Young-rags-to-mature-riches memoir by broker and motivational speaker Gardner.
Born and raised in the Milwaukee ghetto, the author pulled himself up from considerable disadvantage. He was fatherless, and his adored mother wasn’t always around; once, as a child, he spied her at a family funeral accompanied by a prison guard. When beautiful, evanescent Moms was there, Chris also had to deal with Freddie “I ain’t your goddamn daddy!” Triplett, one of the meanest stepfathers in recent literature. Chris did “the dozens” with the homies, boosted a bit and in the course of youthful adventure was raped. His heroes were Miles Davis, James Brown and Muhammad Ali. Meanwhile, at the behest of Moms, he developed a fondness for reading. He joined the Navy and became a medic (preparing badass Marines for proctology), and a proficient lab technician. Moving up in San Francisco, married and then divorced, he sold medical supplies.
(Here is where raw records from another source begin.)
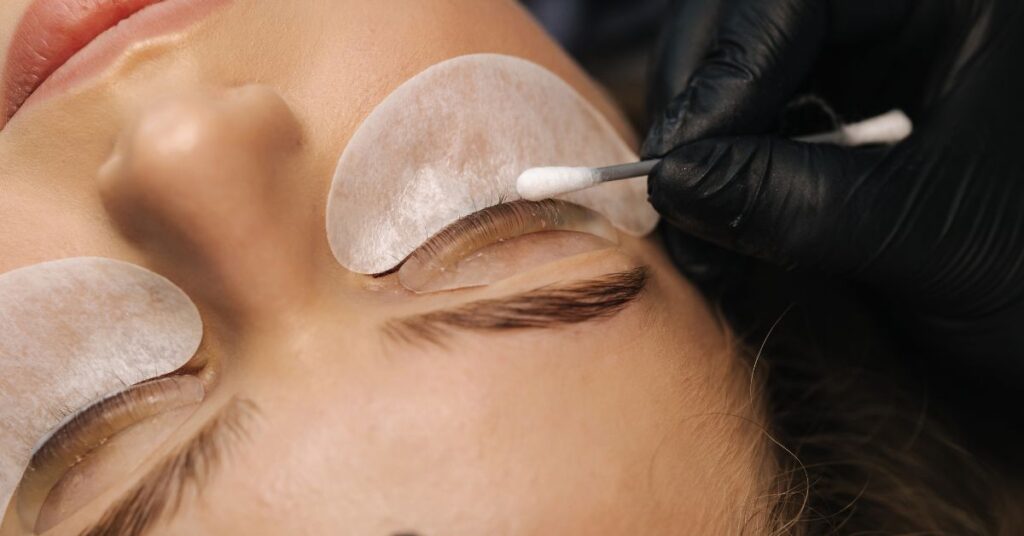 Eyelash Style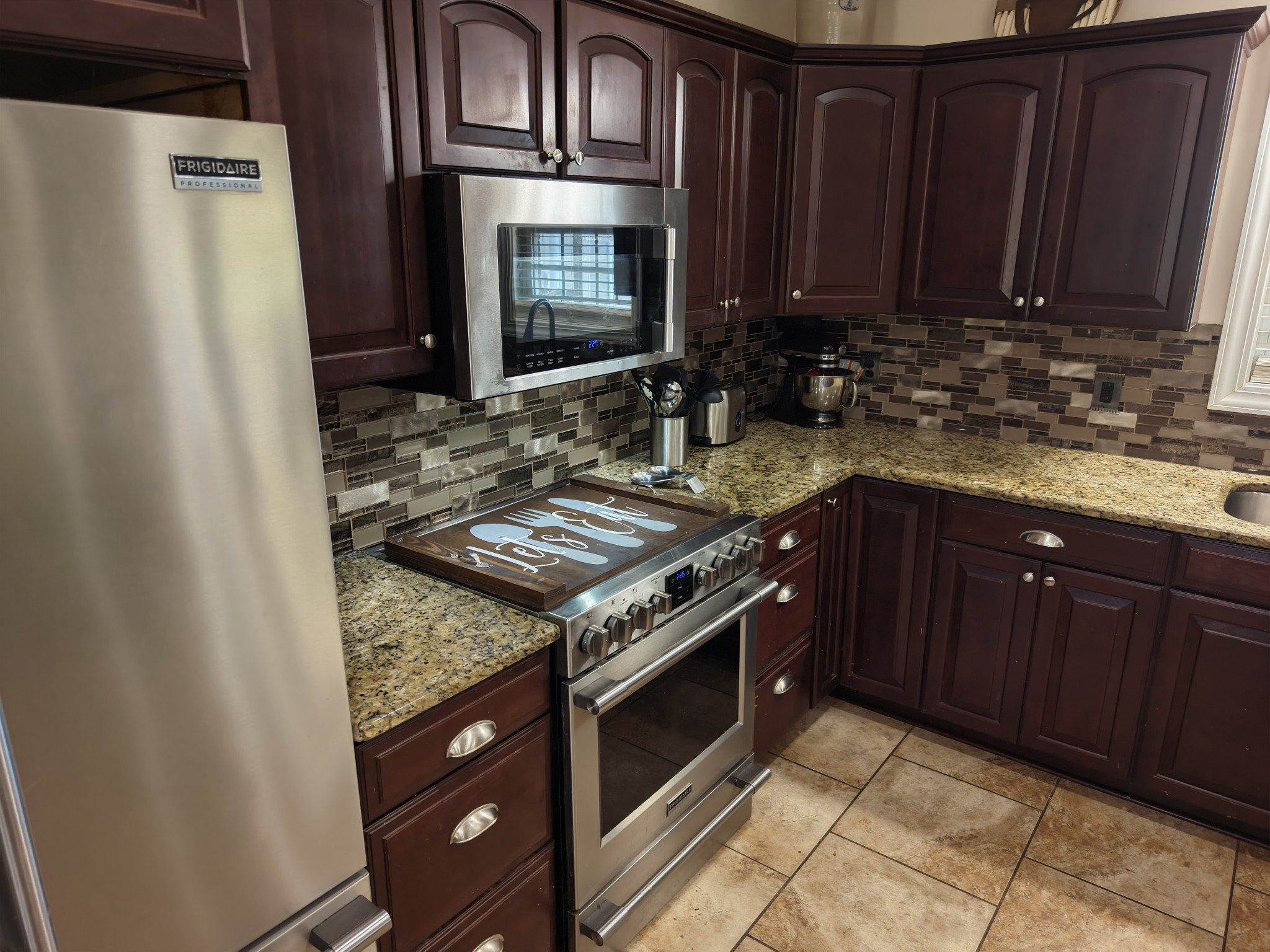 147 Edgehill Ln Property Photo 27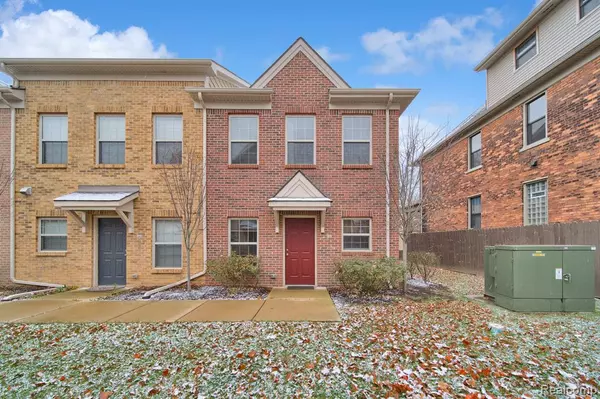 692 E FERRY Street, Detroit, MI 48202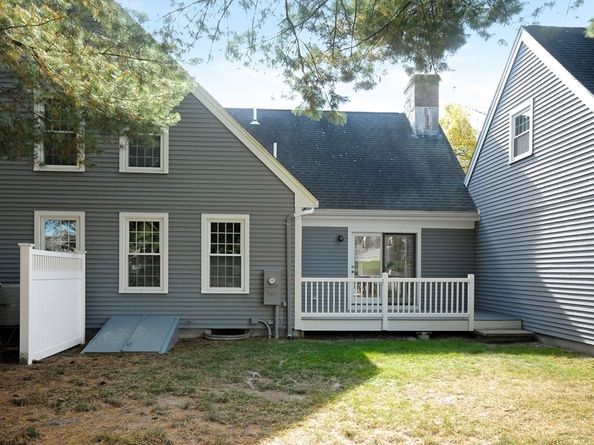 12 Mitchell Grant Way 12, Bedford MA 01730
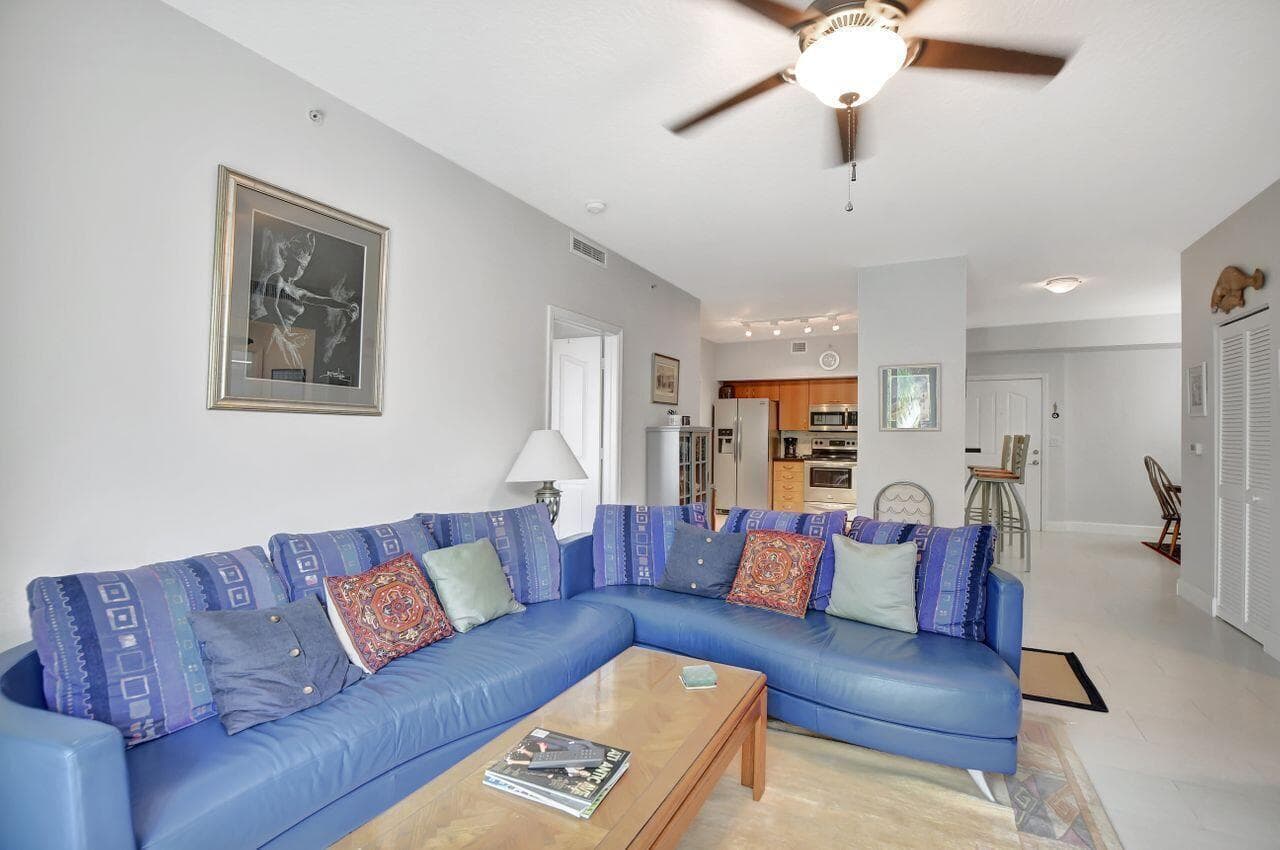250 NE 3rd Avenue 1408, Delray Beach, FL 33444 — photo 15 of 45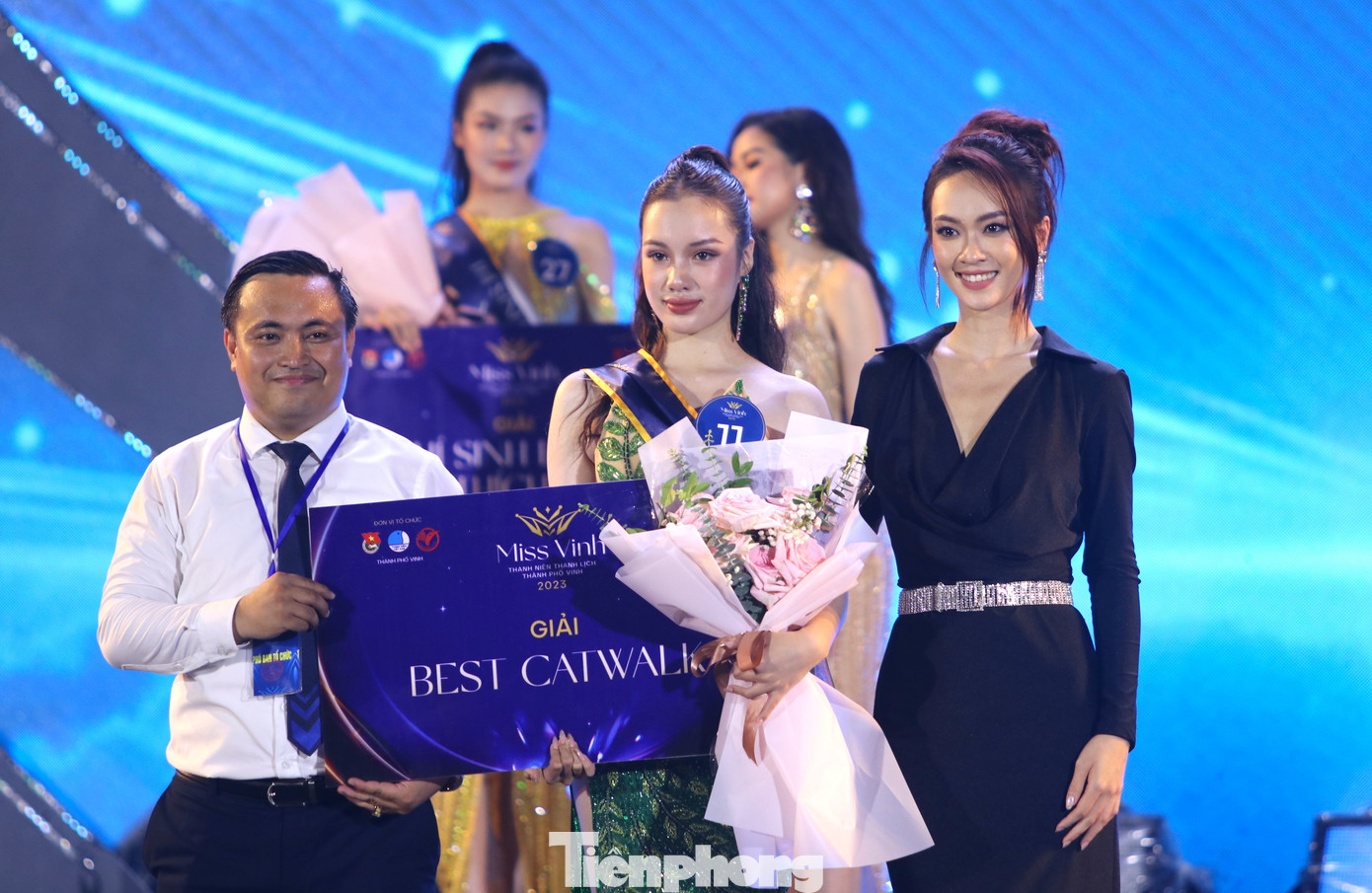 Ngoài 3 giải trên, Ban tổ chức cũng tiến hành trao 7 giải thưởng cho 7 thí sinh xuất sắc khác trong đêm chung kết gồm: Người đẹp nhân ái, giải Triển vọng, giải thí sinh được yêu thích nhất, giải thí sinh mặc Dạ hội đẹp nhất, giải Người đẹp áo dài, giải Best catwalk, giải Người đẹp khả ái (Gương mặt có điểm nhân trắc học cao nhất). Phần thưởng của mỗi giải trị giá 3 triệu đồng.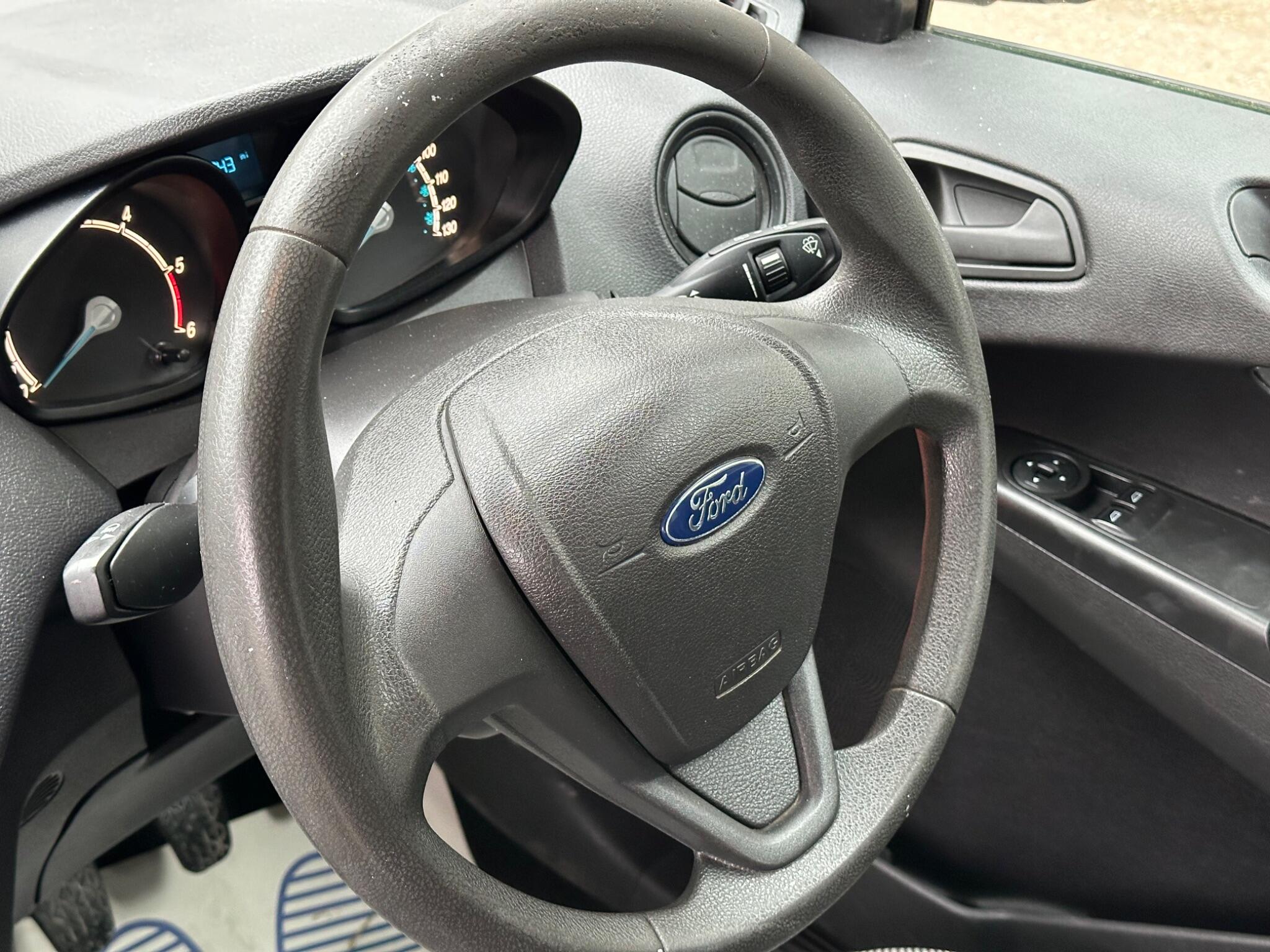 Ford Transit Courier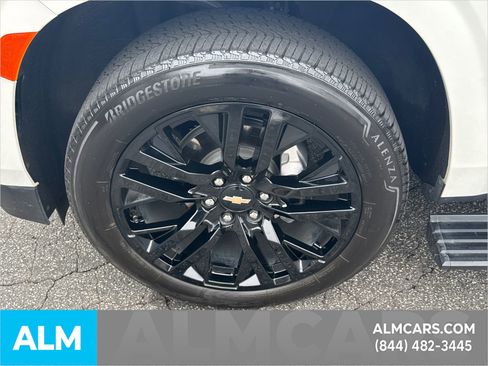 Used 2024 Chevrolet Tahoe High Country w/ Premium Package 2 image 14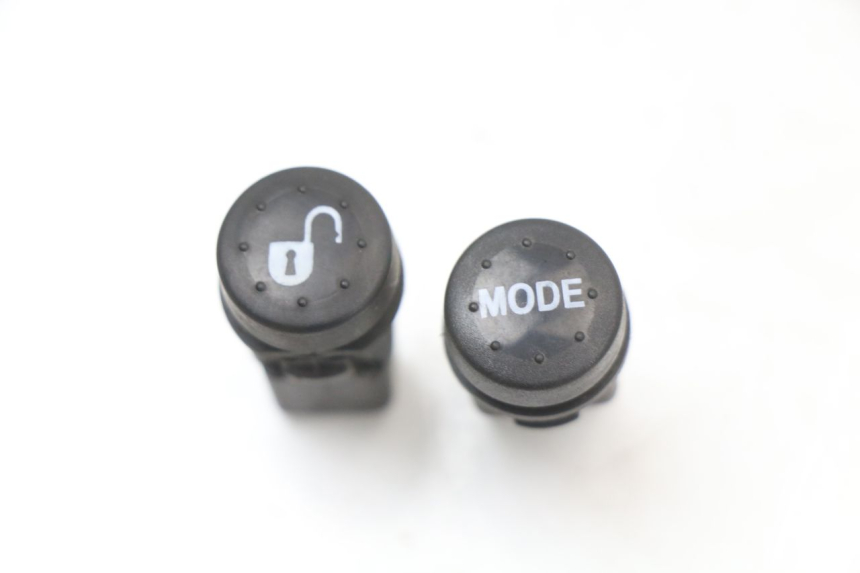 photo de COMMODO PIAGGIO XEVO - X EVO 125 (2007 - 2017) - Détail de la pièce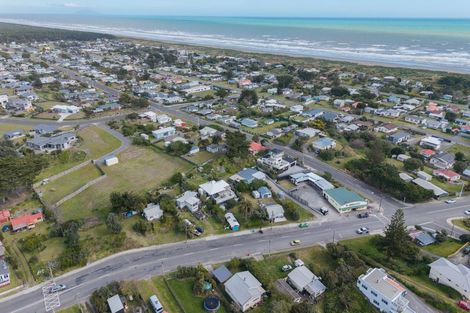 Photo of property in 643 Waitarere Beach Road, Waitarere Beach, Levin, 5510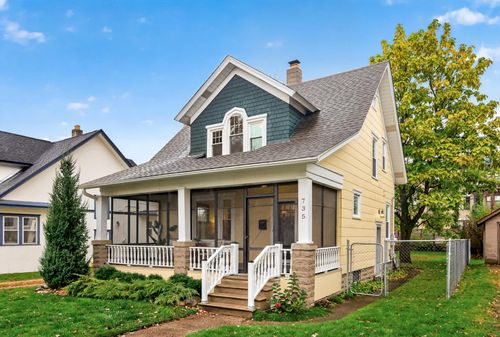 735 Curfew St, Saint Paul, MN, 55114-1046 | Card Image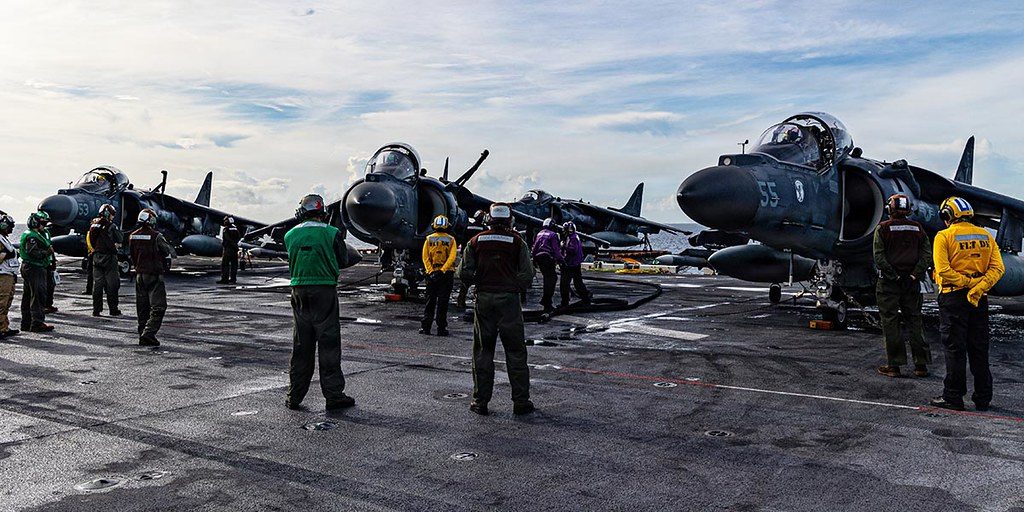 Los Harrier II de la Marina de EEUU se preparan para su última guerra
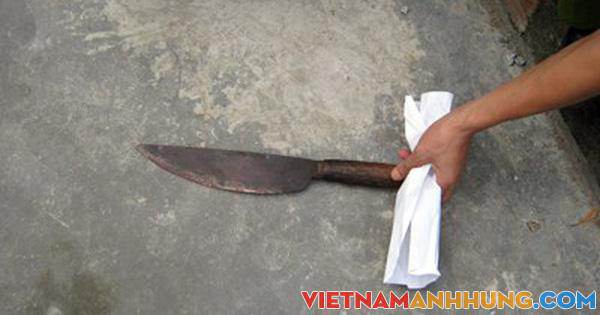 Đang đứng chơi bên đường, 2 thanh niên bị đâm thương vong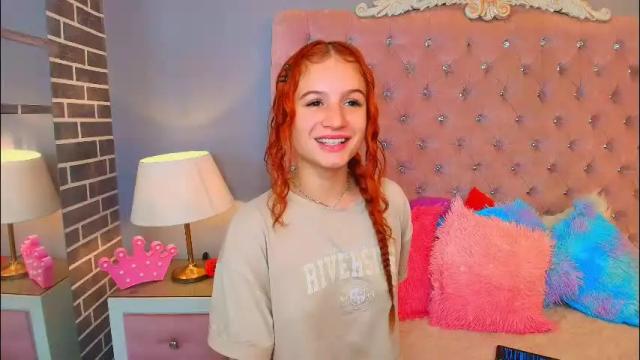 Image 2 of adelainebest Stream on Chaturbate on 3 months ago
He was recruited as a trainee at Dean Witter just around the time he became a homeless single father. All his belongings in a shopping cart, Gardner sometimes slept with his young son at the office (apparently undiscovered by the night cleaning crew). The two also frequently bedded down in a public restroom. After Gardner’s talents were finally appreciated by the firm of Bear Stearns, his American Dream became real. He got the cool duds, hot car and fine ladies so coveted from afar back in the day. He even had a meeting with Nelson Mandela. Through it all, he remained a prideful parent. His own no-daddy blues are gone now.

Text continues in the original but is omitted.